Tito secara khusus mengimbau warga agar tidak melakukan aksi panic buying terhadap kebutuhan pokok maupun bahan bakar minyak (BBM). Pemerintah menjamin bahwa stok komoditas penting seperti beras berada dalam posisi yang sangat mencukupi untuk memenuhi kebutuhan nasional.
"Pemerintah menjamin stok komoditas penting tersedia, Kita mengimbau masyarakat agar tidak melakukan aksi panic buying," kata Mendagri Tito Karnavian, saat di Aula Wan Sri Beni Dompak, Kota Tanjungpinang, Kepri, Senin 9 Maret 2026.
Para kepala daerah telah diinstruksikan untuk segera menggelar rapat internal guna memastikan kesiapan pasokan pangan dan energi di wilayah masing-masing. Langkah antisipatif ini bertujuan menjaga kelancaran rantai pasok agar tidak terjadi gangguan distribusi yang merugikan konsumen.
"Kepala daerah sudah harus rapat dan koordinasi bersama distributor serta pengusaha memastikan kesiapan pasokan pangan," Tito menegaskan.
Selain ketersediaan barang, Mendagri juga menekankan pentingnya pengamanan di lokasi wisata serta pengaturan arus mudik yang efektif. Koordinasi lintas sektor sangat diperlukan untuk mencegah insiden kerumunan massa yang tidak terkendali demi menjamin keselamatan publik.
"Rasa aman dan nyaman harus dihadirkan untuk masyarakat, untuk itu lakukan pengamanan di arus mudik dan lokasi wisata," katanya.

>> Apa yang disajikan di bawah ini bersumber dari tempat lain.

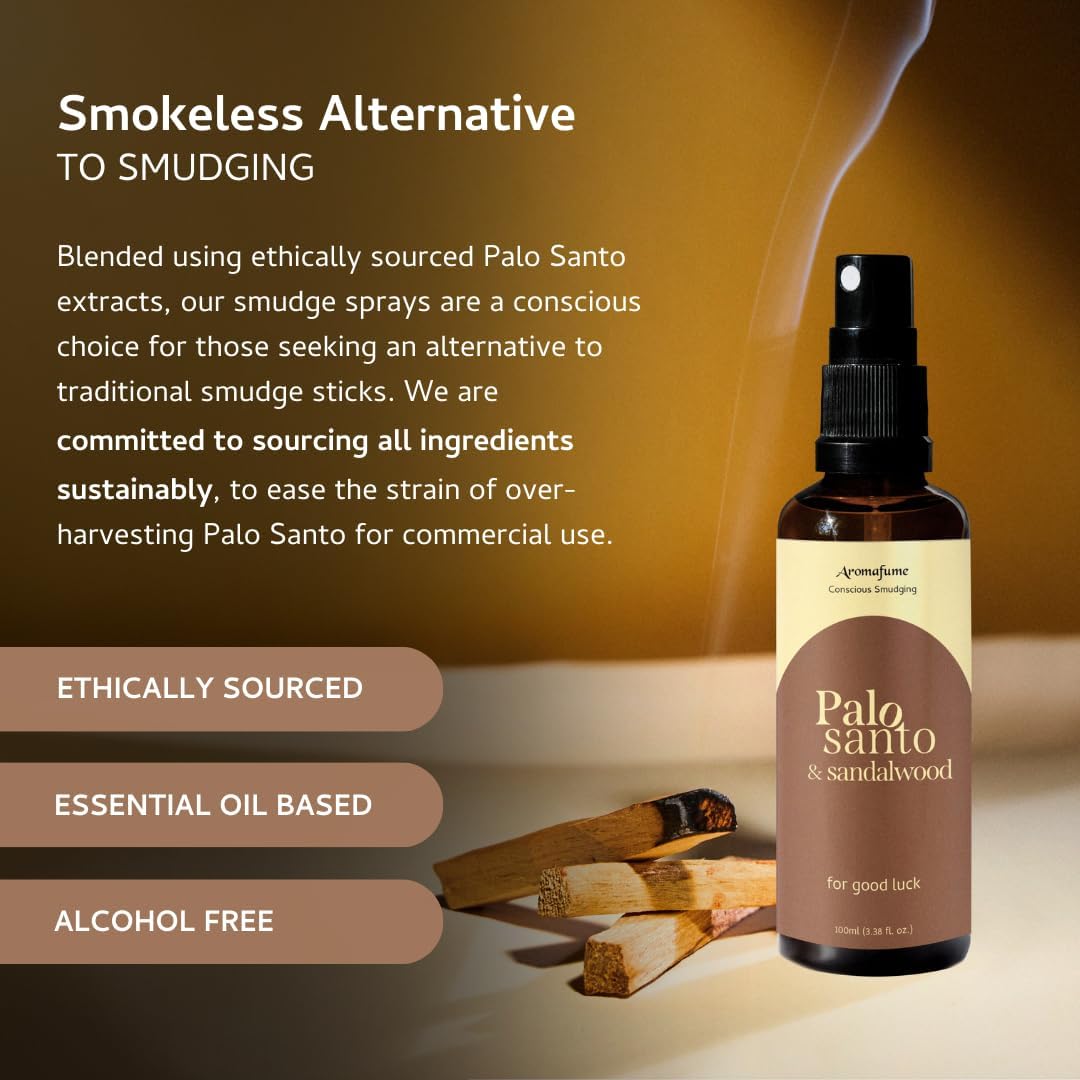 Palo Santo Sandalwood Smudge Spray by Aromafume 100ml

Seluruh kepala daerah wajib berada di wilayah tugasnya mulai tanggal 14 hingga 28 April untuk memimpin langsung pengendalian situasi di lapangan. Kehadiran pemimpin daerah secara fisik sangat krusial dalam mengawal stabilitas harga dan keamanan selama masa perayaan Hari Raya.